Count 10, charging felony theft, occurred on December 15, 2010. . . . Hafer purchased three vacuum cleaners with the retail price of $429.99 each at the discounted price of $8.59 each, but only a 10% employee discount was applied [to] the purchase. According to Hafer's written statement, Gardullo rang up the three vacuum cleaners for Hafer at the discounted price.

Count 5, charging a computer crime, and Counts 16, 17, and 21, all charging misdemeanor theft, occurred on December 19, 2010. . . . [I]t appears Hafer ordered three vacuum cleaners with the retail price of $429.99 each for the discounted price of $0.56 each, but there was only a 10% employee discount applied at the time of the purchase. Hafer ordered an additional vacuum cleaner with the retail price of $429.99 at the discounted price of $8.73, but only a 10% employee discount was applied. In her written statement, Hafer acknowledged that she purchased and received the vacuum cleaners at the discounted price.
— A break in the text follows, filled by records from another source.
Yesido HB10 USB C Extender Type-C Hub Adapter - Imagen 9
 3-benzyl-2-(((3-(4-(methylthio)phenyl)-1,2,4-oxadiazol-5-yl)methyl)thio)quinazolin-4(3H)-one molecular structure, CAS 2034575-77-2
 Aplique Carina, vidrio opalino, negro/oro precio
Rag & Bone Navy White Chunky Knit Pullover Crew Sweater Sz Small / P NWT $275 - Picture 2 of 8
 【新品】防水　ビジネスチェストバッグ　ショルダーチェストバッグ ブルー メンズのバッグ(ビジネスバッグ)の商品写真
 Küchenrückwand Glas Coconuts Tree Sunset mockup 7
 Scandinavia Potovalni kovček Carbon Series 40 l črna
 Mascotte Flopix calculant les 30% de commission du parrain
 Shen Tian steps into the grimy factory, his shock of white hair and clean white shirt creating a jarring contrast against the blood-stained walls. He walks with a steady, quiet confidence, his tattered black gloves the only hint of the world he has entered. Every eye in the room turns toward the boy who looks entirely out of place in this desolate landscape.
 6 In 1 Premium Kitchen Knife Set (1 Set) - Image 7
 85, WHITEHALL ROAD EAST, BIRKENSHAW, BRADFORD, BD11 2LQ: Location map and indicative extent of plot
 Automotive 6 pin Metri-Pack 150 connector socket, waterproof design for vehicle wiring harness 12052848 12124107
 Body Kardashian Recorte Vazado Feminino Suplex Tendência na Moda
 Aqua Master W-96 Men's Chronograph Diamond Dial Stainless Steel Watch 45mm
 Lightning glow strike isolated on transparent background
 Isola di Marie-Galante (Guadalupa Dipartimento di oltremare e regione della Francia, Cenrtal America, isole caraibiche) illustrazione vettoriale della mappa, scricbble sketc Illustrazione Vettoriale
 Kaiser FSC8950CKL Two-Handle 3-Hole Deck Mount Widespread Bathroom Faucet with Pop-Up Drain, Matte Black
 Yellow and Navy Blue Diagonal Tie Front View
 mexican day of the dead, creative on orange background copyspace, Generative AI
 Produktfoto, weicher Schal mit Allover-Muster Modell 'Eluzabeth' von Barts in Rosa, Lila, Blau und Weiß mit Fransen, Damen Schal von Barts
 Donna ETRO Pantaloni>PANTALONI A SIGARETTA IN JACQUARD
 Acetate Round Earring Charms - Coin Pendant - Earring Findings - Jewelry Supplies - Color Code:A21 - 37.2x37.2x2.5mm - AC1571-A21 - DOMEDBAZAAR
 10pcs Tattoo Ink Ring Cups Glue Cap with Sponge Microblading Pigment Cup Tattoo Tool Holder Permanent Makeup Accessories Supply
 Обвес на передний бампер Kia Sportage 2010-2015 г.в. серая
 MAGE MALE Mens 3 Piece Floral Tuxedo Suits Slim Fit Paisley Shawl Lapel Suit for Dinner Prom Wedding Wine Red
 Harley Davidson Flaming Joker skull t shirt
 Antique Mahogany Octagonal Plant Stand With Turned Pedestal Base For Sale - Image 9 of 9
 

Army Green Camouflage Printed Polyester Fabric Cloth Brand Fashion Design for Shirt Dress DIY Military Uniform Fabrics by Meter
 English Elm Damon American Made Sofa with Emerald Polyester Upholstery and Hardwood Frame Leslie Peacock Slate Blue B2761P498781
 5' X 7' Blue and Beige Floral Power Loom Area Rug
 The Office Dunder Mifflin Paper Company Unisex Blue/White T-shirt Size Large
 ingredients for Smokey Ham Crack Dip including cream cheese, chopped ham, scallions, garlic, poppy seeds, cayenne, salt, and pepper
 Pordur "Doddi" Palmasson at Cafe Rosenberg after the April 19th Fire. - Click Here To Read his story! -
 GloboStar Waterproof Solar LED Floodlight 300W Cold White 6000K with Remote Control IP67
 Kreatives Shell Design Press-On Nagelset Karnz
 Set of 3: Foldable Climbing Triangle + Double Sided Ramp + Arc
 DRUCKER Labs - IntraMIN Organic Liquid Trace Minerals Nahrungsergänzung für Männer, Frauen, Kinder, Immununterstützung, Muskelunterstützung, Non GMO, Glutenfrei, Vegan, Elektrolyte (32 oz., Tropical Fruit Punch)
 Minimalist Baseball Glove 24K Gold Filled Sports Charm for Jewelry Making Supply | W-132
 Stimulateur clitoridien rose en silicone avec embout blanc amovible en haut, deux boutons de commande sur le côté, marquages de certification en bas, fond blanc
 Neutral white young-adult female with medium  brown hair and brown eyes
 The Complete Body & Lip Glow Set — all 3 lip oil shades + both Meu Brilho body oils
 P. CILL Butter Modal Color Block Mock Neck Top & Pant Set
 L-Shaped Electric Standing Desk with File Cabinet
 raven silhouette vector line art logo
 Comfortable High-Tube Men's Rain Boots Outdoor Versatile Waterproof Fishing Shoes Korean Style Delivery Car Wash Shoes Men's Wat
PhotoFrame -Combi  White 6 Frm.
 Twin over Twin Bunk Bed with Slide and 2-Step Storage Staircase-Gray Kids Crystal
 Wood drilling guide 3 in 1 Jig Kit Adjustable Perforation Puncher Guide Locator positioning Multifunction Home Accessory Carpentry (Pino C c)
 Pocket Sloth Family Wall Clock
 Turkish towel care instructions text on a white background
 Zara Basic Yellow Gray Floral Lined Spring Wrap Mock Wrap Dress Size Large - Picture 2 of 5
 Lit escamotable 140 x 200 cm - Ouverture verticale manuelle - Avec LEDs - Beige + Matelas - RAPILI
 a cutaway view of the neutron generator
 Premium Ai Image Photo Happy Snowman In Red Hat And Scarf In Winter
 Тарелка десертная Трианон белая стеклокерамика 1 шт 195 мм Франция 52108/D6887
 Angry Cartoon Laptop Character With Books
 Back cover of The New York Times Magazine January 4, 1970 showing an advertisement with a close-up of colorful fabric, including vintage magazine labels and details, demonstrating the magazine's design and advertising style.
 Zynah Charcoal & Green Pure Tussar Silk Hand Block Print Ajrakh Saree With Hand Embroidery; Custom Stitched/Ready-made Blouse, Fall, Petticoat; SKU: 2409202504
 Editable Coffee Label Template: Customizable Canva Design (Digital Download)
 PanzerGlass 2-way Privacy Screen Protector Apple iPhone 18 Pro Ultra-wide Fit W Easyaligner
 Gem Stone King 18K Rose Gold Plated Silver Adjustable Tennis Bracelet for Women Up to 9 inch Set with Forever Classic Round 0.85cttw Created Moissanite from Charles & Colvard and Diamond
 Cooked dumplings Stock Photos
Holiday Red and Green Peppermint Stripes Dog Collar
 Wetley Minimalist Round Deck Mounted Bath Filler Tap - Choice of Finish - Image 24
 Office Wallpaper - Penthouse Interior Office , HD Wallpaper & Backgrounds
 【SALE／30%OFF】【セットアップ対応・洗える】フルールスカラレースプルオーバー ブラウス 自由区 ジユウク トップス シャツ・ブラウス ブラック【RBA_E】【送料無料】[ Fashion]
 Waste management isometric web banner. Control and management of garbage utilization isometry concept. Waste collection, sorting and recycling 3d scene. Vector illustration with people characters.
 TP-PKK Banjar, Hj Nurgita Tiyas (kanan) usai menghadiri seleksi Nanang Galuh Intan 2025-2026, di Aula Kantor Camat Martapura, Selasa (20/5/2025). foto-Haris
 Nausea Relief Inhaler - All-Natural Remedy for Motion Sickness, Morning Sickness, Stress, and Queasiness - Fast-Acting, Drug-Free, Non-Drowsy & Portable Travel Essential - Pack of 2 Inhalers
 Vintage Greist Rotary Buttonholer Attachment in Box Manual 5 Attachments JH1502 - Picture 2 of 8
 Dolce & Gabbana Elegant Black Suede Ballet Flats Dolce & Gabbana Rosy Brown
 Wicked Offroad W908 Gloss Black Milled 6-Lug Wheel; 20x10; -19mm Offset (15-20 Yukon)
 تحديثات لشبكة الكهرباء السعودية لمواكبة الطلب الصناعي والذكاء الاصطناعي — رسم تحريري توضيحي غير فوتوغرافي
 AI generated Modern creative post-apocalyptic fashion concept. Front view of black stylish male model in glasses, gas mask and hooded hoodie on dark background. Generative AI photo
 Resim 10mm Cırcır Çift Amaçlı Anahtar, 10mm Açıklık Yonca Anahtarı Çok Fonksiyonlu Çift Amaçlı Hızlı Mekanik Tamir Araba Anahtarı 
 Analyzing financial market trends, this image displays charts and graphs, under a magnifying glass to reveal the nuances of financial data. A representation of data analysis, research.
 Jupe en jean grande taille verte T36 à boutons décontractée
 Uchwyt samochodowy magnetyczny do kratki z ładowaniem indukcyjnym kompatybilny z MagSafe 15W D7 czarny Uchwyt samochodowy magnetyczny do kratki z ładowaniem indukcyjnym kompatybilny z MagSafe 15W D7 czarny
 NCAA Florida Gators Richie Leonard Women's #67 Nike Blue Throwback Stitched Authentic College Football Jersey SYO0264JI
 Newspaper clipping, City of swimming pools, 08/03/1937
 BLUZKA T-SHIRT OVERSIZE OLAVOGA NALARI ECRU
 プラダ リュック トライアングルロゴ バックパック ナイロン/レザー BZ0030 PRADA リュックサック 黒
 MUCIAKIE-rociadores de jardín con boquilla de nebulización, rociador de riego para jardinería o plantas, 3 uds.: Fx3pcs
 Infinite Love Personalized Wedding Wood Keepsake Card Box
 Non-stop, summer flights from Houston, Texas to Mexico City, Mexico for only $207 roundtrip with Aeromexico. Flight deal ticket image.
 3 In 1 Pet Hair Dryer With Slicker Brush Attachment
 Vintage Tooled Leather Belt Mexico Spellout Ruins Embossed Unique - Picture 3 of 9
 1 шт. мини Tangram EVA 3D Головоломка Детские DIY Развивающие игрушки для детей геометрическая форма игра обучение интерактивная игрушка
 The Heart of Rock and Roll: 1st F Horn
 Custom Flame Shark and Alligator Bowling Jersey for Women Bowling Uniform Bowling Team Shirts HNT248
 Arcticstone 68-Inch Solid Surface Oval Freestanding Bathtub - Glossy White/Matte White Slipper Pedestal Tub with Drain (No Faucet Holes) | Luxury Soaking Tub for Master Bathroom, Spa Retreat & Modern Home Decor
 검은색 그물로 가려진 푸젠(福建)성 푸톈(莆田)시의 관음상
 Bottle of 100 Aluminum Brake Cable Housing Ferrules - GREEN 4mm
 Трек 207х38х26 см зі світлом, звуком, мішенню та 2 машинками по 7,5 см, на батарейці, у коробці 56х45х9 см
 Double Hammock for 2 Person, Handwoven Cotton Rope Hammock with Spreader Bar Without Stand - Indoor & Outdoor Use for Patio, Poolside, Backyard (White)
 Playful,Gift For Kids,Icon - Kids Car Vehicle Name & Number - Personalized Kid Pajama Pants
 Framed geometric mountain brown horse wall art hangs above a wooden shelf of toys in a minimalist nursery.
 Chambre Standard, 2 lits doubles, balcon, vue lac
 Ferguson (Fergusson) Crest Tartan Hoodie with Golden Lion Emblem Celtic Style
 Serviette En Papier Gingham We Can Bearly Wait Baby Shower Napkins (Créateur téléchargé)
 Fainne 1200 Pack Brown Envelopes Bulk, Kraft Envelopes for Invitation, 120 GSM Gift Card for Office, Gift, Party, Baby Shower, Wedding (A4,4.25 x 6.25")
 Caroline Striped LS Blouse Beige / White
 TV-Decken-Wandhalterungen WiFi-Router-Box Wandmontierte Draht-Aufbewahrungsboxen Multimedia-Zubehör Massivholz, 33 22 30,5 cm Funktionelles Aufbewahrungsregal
In addition, Hafer and Gardullo ordered . . . 16 items, with a retail value totaling $804, but only paid $13.06 for all of the items.

State v. Hafer, supra.

The Court of Appeals therefore held that there was “sufficient evidence that Hafer manipulated the prices of the items in the computer; that such manipulation was a false representation of the actual price; that based on Hafer's false representation, JCPenney was deceived; and based on that deception JCPenney gave up control of the items to Hafer.” State v. Hafer, supra.  As a result, it affirmed her convictions and sentence.  State v. Hafer, supra.

(If you are wondering why some of the theft charges are felonies and some are only misdemeanors, I assume that, as this site notes, it depends on the value of the property at issue . . . under the prior theft statutes.)